> **AIM OF THE TASK**:
Scan the entries that follow and copy out every line containing "Sweater".

(Records from a data source)
◇ ◇ ◇ ◇ ◇

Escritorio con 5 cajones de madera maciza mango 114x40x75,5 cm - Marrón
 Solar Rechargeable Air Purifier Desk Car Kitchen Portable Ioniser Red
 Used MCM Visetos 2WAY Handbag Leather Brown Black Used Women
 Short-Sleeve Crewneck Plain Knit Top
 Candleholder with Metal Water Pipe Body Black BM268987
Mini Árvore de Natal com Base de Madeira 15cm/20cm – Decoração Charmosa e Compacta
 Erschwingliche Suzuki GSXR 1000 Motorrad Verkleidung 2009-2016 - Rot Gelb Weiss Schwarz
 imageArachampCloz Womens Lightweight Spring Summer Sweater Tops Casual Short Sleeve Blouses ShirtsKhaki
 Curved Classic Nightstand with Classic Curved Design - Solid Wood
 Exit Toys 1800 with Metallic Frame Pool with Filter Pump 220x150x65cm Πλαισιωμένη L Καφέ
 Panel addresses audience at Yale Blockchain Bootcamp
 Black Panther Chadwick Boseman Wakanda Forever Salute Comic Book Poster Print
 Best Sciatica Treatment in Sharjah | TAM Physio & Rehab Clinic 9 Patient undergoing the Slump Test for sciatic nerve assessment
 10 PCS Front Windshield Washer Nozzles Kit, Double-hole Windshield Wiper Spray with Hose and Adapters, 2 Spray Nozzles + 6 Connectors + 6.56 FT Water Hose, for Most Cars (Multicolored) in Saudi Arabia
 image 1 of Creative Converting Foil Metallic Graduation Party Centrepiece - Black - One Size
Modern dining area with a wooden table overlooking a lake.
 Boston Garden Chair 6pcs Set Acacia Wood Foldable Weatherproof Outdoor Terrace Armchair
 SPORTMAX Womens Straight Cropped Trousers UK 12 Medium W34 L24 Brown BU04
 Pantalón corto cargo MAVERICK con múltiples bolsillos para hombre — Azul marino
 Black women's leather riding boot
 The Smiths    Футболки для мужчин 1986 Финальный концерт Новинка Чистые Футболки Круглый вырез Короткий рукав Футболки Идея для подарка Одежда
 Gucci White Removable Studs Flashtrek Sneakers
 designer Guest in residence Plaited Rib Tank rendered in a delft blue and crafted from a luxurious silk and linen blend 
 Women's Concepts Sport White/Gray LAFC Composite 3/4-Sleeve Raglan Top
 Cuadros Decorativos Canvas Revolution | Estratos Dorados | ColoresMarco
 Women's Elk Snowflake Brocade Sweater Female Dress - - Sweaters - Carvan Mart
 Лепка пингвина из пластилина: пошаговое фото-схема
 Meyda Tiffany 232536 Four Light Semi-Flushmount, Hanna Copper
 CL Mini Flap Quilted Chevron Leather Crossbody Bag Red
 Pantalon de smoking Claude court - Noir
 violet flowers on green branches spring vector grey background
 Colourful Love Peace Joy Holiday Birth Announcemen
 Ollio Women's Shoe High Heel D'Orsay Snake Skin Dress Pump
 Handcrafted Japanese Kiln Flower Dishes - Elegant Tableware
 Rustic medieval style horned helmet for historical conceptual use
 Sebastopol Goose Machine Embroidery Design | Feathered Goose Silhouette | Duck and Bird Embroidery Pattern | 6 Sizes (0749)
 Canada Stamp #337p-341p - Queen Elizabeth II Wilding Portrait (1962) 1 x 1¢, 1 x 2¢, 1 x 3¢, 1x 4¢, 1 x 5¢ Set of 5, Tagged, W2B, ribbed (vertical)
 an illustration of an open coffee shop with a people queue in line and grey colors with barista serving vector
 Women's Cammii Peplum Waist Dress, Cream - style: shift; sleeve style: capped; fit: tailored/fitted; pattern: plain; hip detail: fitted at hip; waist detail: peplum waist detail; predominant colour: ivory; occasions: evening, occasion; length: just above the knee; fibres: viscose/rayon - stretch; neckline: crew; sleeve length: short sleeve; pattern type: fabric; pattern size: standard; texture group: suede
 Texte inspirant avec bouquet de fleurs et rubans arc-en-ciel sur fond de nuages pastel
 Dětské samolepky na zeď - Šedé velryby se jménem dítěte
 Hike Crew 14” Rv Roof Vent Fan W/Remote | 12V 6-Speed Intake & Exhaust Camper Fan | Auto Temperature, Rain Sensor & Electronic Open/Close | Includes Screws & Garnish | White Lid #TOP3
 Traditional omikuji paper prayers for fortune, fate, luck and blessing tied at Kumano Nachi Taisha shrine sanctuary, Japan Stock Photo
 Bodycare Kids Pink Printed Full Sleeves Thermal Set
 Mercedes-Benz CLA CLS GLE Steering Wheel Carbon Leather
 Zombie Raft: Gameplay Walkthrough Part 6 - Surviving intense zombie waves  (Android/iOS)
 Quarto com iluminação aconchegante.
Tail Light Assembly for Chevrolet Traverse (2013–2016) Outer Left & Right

◇ ◇ ◇ ◇ ◇

> **RESPONSE AREA**:
 imageArachampCloz Womens Lightweight Spring Summer Sweater Tops Casual Short Sleeve Blouses ShirtsKhaki
 Women's Elk Snowflake Brocade Sweater Female Dress - - Sweaters - Carvan Mart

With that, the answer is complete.